Tresling aimed his icer straight for the Judge, who sidestepped, kicked Tresling and stood over him with the flameunit. It was only as he pulled the trigger that he realised the weapon was cold. It had gotten iced by Tresling’s last shot. His face showed the fear as the flameunit exploded in an orange ball, killing the Judge and Tresling in less than a second.

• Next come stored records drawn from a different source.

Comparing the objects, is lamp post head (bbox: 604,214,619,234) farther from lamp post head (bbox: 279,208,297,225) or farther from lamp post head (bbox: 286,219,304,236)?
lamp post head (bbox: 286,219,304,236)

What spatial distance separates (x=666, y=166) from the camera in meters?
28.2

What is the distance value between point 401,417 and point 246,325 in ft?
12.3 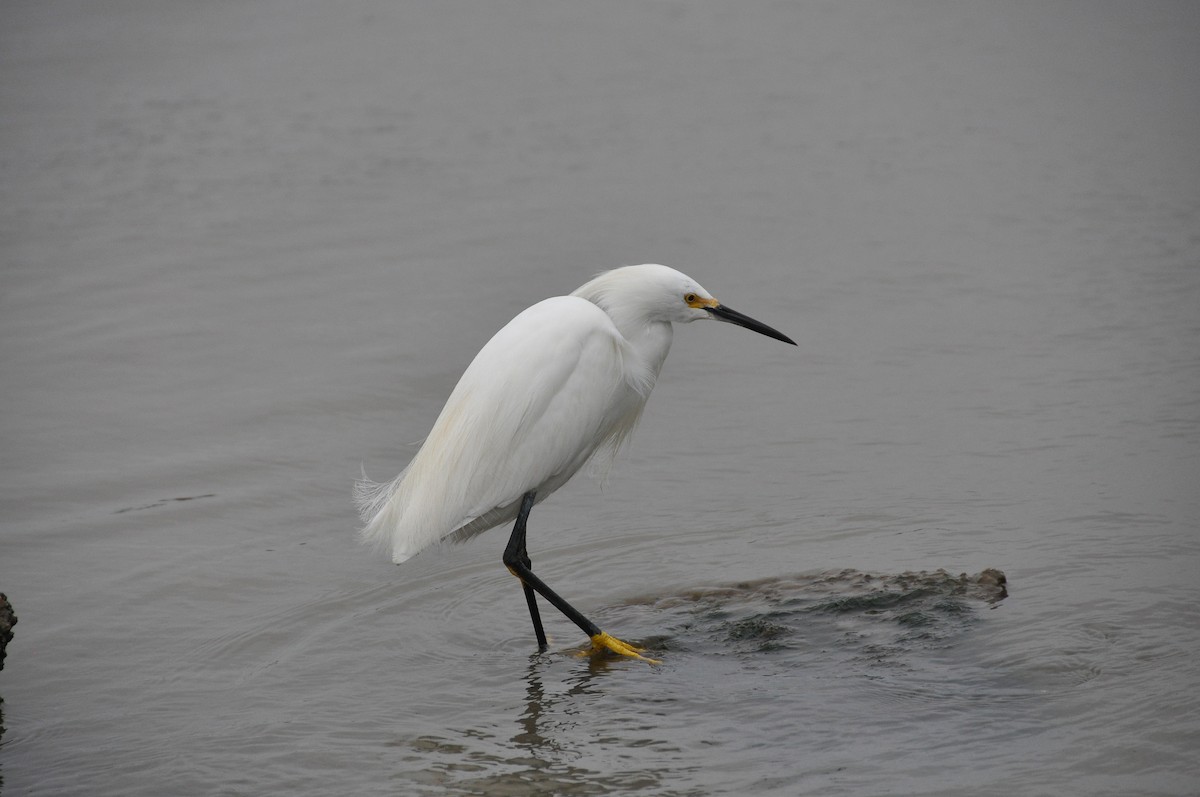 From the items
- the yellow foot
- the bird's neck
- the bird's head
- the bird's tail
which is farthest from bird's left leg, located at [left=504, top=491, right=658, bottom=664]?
the bird's head

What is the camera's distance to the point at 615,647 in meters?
4.76

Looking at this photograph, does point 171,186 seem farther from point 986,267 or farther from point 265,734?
point 265,734

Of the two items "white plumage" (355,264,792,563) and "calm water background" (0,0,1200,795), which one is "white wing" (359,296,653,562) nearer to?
"white plumage" (355,264,792,563)

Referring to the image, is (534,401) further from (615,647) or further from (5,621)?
(5,621)

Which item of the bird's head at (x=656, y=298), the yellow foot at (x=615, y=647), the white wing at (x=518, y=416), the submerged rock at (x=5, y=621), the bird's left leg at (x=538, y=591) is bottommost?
the yellow foot at (x=615, y=647)

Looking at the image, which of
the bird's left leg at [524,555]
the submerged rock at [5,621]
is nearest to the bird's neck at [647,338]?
the bird's left leg at [524,555]

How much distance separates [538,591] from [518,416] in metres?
0.66

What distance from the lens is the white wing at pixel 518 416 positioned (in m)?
4.88

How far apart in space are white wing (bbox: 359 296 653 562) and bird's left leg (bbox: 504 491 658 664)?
0.37 feet

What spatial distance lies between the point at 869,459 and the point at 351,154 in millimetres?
Answer: 6953

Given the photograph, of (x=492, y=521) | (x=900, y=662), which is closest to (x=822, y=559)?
(x=900, y=662)

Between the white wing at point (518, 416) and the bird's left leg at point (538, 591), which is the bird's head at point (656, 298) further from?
the bird's left leg at point (538, 591)

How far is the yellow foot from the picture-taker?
15.6 feet

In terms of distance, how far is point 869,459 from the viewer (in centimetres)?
655
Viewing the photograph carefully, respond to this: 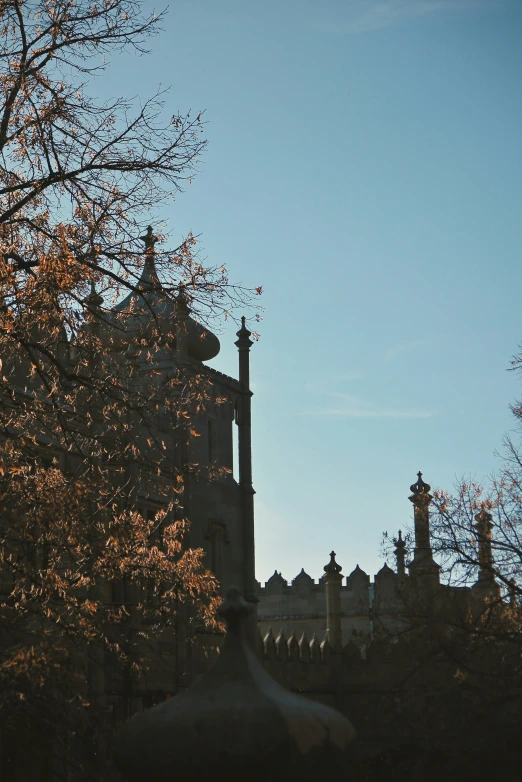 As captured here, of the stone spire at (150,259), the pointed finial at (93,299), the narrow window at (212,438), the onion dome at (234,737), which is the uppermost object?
the narrow window at (212,438)

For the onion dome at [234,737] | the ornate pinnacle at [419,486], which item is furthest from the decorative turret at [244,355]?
the onion dome at [234,737]

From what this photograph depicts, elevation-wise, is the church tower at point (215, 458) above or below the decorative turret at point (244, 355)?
below

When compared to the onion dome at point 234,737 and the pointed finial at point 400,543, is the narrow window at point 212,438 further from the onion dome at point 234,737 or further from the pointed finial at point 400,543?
the onion dome at point 234,737

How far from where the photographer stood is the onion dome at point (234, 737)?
12.3 feet

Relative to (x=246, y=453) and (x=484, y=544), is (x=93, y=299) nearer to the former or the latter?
(x=484, y=544)

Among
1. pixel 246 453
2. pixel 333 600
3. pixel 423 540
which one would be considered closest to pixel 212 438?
pixel 246 453

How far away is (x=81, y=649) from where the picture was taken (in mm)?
9750

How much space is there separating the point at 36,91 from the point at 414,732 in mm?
12693

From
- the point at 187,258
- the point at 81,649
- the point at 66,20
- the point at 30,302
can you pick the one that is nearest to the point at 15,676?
the point at 81,649

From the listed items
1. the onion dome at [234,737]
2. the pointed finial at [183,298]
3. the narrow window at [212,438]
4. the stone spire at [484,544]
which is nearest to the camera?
the onion dome at [234,737]

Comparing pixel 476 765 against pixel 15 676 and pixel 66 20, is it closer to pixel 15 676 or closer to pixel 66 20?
pixel 15 676

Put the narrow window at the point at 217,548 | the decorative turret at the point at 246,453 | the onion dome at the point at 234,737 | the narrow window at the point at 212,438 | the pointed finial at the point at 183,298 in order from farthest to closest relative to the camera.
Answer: the decorative turret at the point at 246,453 < the narrow window at the point at 212,438 < the narrow window at the point at 217,548 < the pointed finial at the point at 183,298 < the onion dome at the point at 234,737

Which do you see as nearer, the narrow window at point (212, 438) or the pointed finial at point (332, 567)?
the narrow window at point (212, 438)

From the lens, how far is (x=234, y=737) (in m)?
3.78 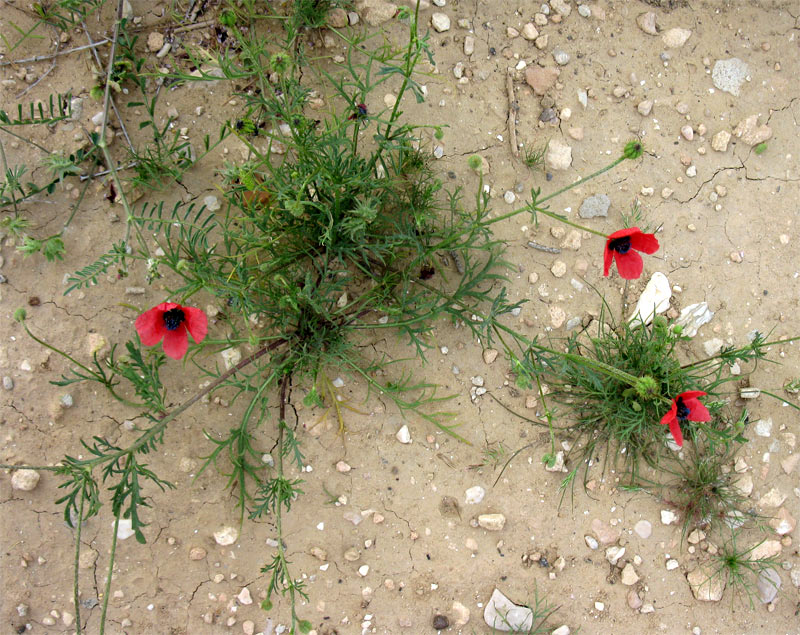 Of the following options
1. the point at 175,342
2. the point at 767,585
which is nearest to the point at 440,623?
the point at 767,585

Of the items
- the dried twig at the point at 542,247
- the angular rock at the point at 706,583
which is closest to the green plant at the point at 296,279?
A: the dried twig at the point at 542,247

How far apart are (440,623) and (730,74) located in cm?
260

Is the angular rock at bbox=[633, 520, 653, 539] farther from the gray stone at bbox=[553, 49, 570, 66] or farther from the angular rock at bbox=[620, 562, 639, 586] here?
the gray stone at bbox=[553, 49, 570, 66]

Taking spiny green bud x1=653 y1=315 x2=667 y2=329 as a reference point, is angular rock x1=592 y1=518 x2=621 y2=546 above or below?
below

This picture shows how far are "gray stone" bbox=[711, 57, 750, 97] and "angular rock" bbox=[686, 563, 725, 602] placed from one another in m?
2.02

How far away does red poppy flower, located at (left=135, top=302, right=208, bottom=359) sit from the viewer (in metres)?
1.86

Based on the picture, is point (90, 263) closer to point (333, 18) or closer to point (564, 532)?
point (333, 18)

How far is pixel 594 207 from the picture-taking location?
2.51 metres

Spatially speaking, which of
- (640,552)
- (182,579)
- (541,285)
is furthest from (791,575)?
(182,579)

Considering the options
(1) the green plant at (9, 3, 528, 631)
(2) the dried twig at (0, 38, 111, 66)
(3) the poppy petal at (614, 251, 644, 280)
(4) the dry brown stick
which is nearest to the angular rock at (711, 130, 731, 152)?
(4) the dry brown stick

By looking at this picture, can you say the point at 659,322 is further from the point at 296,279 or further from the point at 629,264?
the point at 296,279

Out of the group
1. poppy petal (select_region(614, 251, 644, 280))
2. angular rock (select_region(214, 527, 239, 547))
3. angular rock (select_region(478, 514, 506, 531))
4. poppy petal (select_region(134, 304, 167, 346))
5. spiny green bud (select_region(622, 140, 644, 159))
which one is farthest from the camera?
angular rock (select_region(478, 514, 506, 531))

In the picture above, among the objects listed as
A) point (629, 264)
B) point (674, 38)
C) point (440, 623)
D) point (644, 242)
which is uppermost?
point (674, 38)

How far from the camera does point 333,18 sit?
2.41m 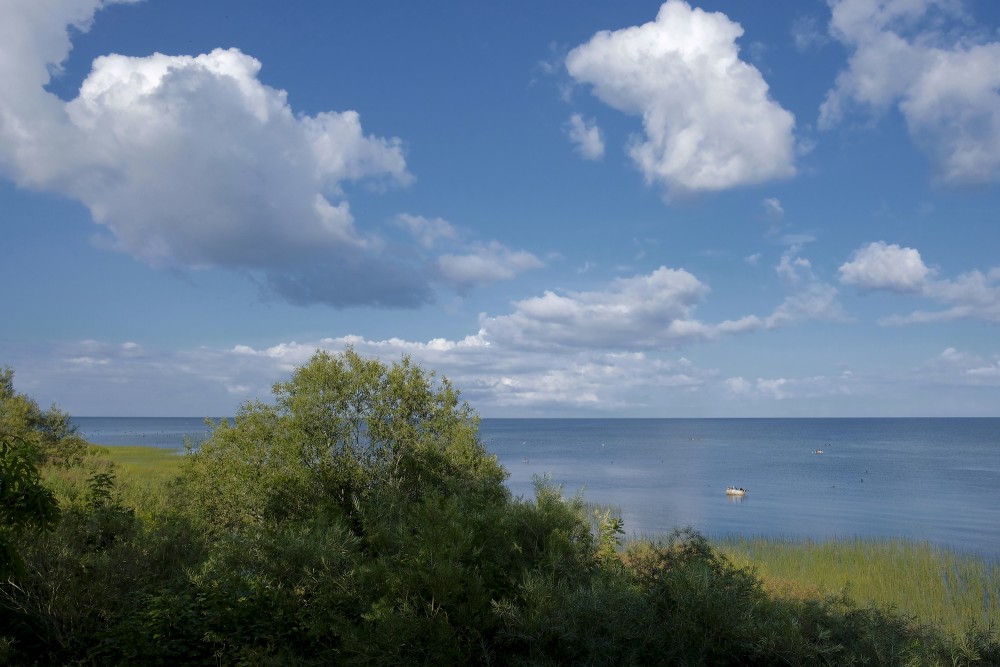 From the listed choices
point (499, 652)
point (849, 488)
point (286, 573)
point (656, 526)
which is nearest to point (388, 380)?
point (286, 573)

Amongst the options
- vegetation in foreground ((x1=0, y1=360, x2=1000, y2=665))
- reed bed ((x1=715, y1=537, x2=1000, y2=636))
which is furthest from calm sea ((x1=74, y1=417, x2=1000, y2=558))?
reed bed ((x1=715, y1=537, x2=1000, y2=636))

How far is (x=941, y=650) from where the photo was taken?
7.29 metres

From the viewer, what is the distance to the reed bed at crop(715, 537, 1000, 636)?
62.9 ft

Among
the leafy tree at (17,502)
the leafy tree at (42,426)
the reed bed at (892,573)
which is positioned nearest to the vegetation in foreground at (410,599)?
the leafy tree at (17,502)

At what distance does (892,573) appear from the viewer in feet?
74.9

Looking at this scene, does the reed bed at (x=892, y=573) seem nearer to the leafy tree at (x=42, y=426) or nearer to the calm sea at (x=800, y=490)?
the calm sea at (x=800, y=490)

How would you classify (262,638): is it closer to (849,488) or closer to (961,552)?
(961,552)

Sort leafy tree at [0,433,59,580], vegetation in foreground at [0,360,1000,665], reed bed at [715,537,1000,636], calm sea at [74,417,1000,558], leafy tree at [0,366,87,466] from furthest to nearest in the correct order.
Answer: calm sea at [74,417,1000,558] < leafy tree at [0,366,87,466] < reed bed at [715,537,1000,636] < vegetation in foreground at [0,360,1000,665] < leafy tree at [0,433,59,580]

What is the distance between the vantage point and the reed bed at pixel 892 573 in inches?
755

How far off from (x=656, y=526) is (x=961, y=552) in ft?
42.2

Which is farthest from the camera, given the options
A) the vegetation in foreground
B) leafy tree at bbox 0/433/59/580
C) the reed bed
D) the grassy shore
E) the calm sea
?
the calm sea

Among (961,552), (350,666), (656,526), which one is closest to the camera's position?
(350,666)

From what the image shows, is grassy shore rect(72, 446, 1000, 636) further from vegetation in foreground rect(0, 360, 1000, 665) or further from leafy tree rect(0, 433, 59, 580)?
leafy tree rect(0, 433, 59, 580)

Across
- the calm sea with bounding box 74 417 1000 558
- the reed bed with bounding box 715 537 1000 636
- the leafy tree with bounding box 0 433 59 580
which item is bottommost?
the calm sea with bounding box 74 417 1000 558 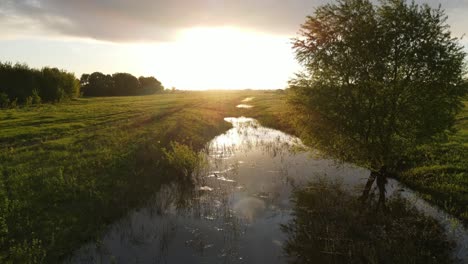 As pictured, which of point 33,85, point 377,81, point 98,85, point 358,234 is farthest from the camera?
point 98,85

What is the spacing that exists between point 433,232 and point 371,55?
9.89 metres

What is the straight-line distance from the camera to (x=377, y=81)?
18.9 metres

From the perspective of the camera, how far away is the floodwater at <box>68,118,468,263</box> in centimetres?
1520

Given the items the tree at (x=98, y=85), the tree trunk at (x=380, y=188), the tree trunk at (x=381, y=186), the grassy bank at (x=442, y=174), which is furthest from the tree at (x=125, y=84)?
the tree trunk at (x=381, y=186)

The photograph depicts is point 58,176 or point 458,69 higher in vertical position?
point 458,69

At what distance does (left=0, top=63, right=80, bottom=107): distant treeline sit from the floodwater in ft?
271

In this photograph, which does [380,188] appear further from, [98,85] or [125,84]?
[125,84]

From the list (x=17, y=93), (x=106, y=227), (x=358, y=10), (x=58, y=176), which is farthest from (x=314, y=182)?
(x=17, y=93)

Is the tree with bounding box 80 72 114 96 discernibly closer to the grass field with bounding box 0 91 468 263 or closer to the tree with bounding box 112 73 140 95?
the tree with bounding box 112 73 140 95

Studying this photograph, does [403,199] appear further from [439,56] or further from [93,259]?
[93,259]

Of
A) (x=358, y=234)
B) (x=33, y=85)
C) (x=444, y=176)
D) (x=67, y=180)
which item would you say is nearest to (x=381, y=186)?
(x=358, y=234)

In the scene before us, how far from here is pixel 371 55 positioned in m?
18.7

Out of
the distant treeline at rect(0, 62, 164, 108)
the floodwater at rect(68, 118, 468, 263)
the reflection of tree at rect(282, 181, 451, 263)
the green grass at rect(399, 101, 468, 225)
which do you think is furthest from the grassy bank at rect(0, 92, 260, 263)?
the distant treeline at rect(0, 62, 164, 108)

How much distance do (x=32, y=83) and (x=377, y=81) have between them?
4051 inches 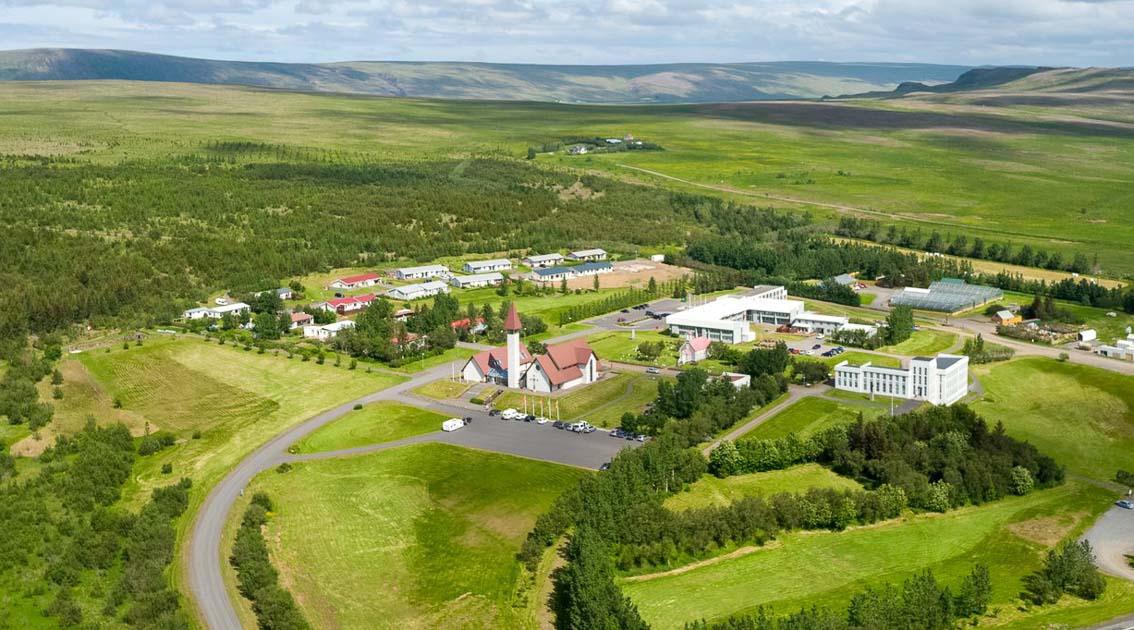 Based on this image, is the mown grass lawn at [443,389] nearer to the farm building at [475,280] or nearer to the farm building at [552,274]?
the farm building at [475,280]

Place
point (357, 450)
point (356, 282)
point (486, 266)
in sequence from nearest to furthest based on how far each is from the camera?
point (357, 450)
point (356, 282)
point (486, 266)

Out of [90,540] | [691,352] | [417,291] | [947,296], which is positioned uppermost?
[947,296]

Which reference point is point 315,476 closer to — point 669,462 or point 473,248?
point 669,462

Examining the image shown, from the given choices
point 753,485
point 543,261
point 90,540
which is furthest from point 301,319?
point 753,485

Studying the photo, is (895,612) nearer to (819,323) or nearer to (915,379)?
(915,379)

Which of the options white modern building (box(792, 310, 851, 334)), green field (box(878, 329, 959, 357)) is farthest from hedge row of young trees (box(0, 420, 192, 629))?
white modern building (box(792, 310, 851, 334))

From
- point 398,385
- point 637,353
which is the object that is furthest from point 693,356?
point 398,385

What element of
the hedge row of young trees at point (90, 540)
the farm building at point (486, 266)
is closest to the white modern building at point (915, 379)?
the hedge row of young trees at point (90, 540)

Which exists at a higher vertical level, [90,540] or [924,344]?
[924,344] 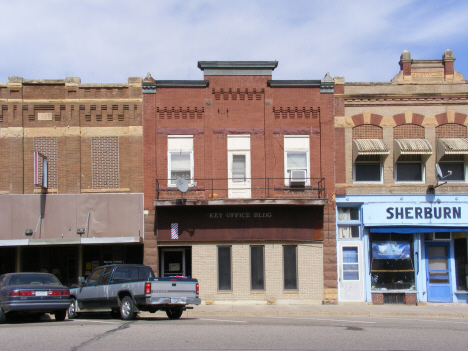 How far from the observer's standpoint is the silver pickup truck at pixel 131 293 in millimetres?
15258

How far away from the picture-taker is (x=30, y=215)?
71.8 feet

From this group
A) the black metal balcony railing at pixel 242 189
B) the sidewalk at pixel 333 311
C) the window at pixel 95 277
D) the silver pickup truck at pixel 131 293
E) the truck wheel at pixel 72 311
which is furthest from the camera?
the black metal balcony railing at pixel 242 189

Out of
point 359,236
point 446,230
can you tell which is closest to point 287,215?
point 359,236

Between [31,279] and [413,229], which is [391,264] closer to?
[413,229]

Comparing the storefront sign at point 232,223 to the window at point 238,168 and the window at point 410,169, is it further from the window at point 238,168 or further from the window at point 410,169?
the window at point 410,169

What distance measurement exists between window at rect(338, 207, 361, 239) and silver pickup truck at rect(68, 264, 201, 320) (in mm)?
8304

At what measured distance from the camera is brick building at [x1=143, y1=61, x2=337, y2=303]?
72.4 feet

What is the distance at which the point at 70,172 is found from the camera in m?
22.3

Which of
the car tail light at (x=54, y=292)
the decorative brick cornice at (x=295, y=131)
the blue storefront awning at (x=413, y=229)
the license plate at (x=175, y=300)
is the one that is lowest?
the license plate at (x=175, y=300)

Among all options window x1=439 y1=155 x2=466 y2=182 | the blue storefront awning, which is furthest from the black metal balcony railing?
window x1=439 y1=155 x2=466 y2=182

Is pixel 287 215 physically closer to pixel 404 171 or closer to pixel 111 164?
pixel 404 171

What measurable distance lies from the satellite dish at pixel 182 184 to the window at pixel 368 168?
663cm

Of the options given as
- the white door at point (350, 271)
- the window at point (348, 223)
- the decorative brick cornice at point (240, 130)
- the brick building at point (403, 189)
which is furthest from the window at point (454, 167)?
the decorative brick cornice at point (240, 130)

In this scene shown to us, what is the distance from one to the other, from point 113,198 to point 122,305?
23.3ft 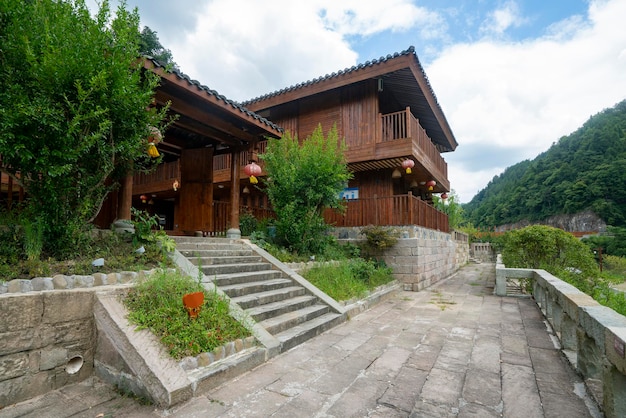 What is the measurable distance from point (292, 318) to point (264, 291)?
855mm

Crib was literally frozen stiff now, but his leg was on fire. Tresling’s dismembered arm and armcomm rested next to his frosted torso. A message came in saying the murder victim was the Chancellor. But Crib couldn’t see or hear, he could just sense the gelid paralysis and his leg crumbling into soft ash. Twenty minutes later, he was arrested for quadruple murder one. He made no reply to caution, ‘Reason: frozen.’
About the author
Jonathan Edwards grew up with two heroes: Bodie (Lewis Collins) from The Professionals, and Doctor Who (Tom Baker). He was fortunate enough to meet the fourth Doctor when he was only four years old. He is pleased to report his older cousin ran in panic from the Doctor’s booming voice and wonderfully electrified expression!
Jonathan is currently working on a very quirky book of sci-fi short stories (calling it “quirky” to give people a polite excuse not to like it). This is under the pseudonym “Eagle Monsoon” (because he thought it sounded good). Jonathan’s hobbies include karate (where he should know what he is doing by now), fencing (where he strikes more poses than opponents), running and hiking. He heard about The Fire and Ice Anthology after an amazing day with The (Brilliant) S.F. Experience up the Brecon Beacons. He is also working on several crime books.